[Start of section]
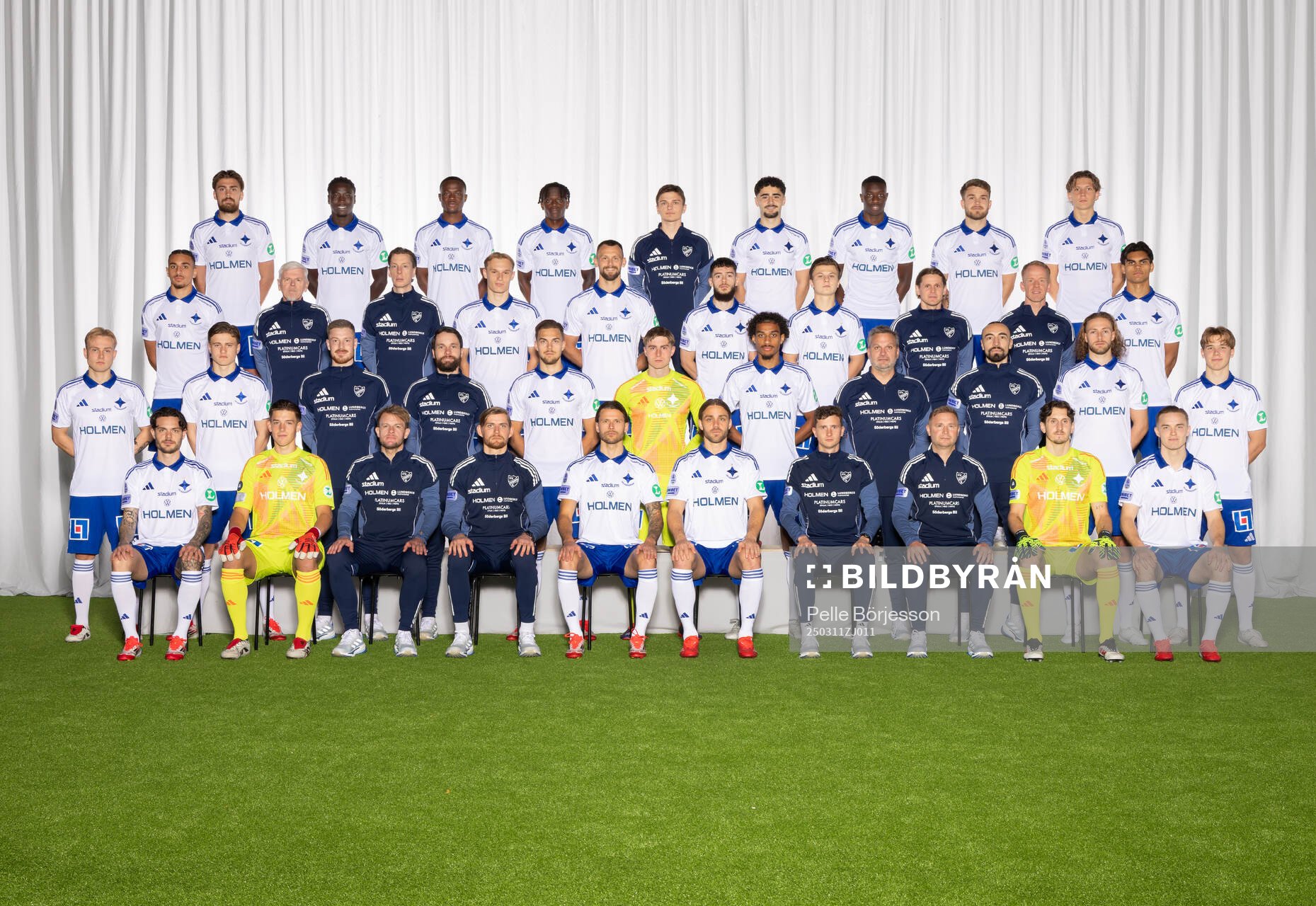 IFK Norrköping poserar för en lagbild den 11 mars 2025 i Norrköping. Bakre ledet från vänster: Tim Prica, Kojo Peprah Oppong, Stephen Bolma, Manaf Rawufu, Analytiker Jacob Dahl, Ismet Lushaku, Yahya Kalley, Amadeus Sögaard, Jónatan Arnarsson. 3:e ledet från vänster: Moutaz Neffati, Assisterande Materialförvaltare Lennart Jonsson, Materialförvaltare Simon Larsson, Marcus Baggesen, Max Watson, Laorent Shabani, Axel Brönner, Övergångstränare Ari Skulason, Fystränare Pálmar Hreinsson, Noel Sernelius. 2:a ledet från vänster: Ísak Andri Sigurgeirsson, Åke Andersson, Fysioterapeut Axel Lundquist, Fysioterapeut Kristoffer Karlsson, Anton Eriksson, Theo Krantz, Jesper Ceesay, Koordinator Tobias Falk, Fysioterapeut Nicolas Santi Aguilar, Kevin Höög Jansson, Ture Sandberg. Sittande från vänster: David Moberg Karlsson, David Andersson, Assisterande Tränare Jesper Sandberg, Assisterande Tränare Henric Pekkala, Arnor Traustason, Christoffer Nyman, Huvudtränare Martin Falk, Målvaktstränare Tomas Vainio, David Mitov Nilsson, Jacob Ouro Ortmark. Editors note: Bilden är retuscherad.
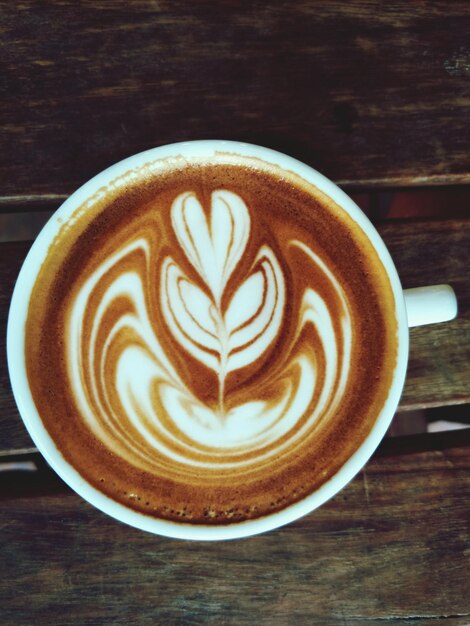 Foto vista ad alta angolazione del cappuccino sul tavolo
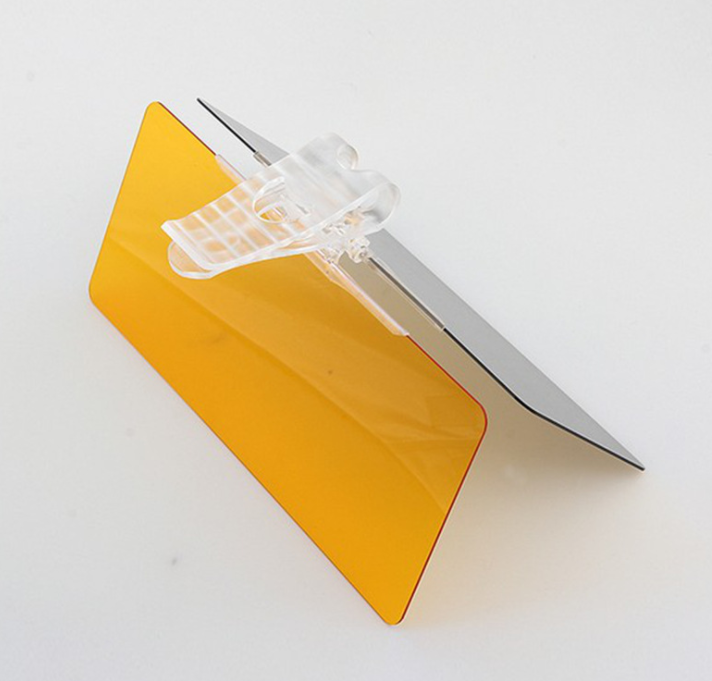 Anti-glare driving visor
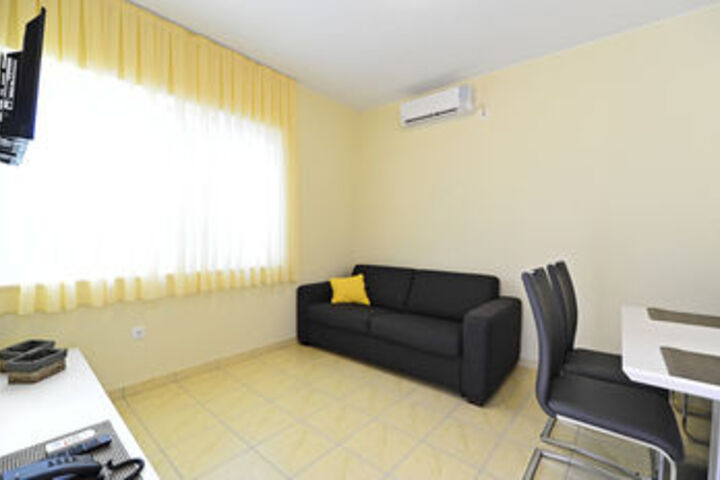 Room 32 of 51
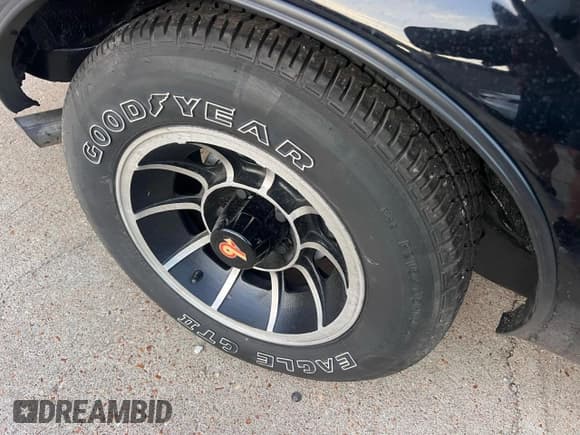 ✅ 1984 Buick Regal • VIN: 1G4AK4792EH575361 • Lot: 69326635. Wystawiony na Copart z przebiegiem 19 144 mil. Bezpłatny archiwum sprzedaży aukcyjnych z USA i szczegółowy raport historii pojazdu na DreamBid. Zdjęcie 15.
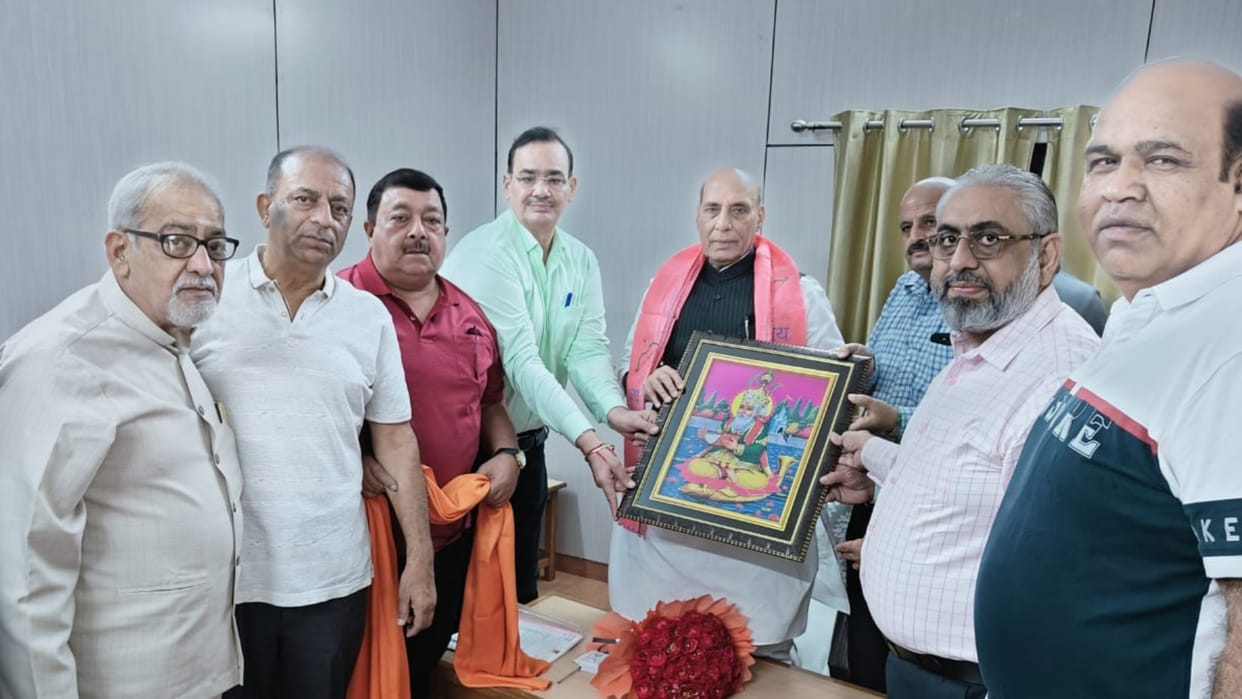 People of Sindhi society meets to defence minister Rajnath Singh.
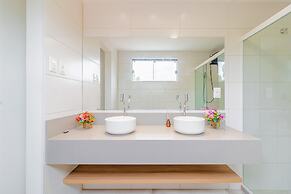 GB77 Ótima Casa 5 Quartos com Piscina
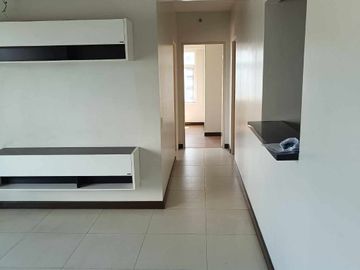 2 BR Serendra in BGC Taguig, condo for sale, with parking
[End of section]
**PROBLEM STATEMENT**
Once you find the line with "Foto vista ad", restate it and every later line of the data word for word, excluding the pictures.

**WRITTEN REPLY**
 Foto vista ad alta angolazione del cappuccino sul tavolo
 Anti-glare driving visor
 Room 32 of 51
 ✅ 1984 Buick Regal • VIN: 1G4AK4792EH575361 • Lot: 69326635. Wystawiony na Copart z przebiegiem 19 144 mil. Bezpłatny archiwum sprzedaży aukcyjnych z USA i szczegółowy raport historii pojazdu na DreamBid. Zdjęcie 15.
 People of Sindhi society meets to defence minister Rajnath Singh.
 GB77 Ótima Casa 5 Quartos com Piscina
 2 BR Serendra in BGC Taguig, condo for sale, with parking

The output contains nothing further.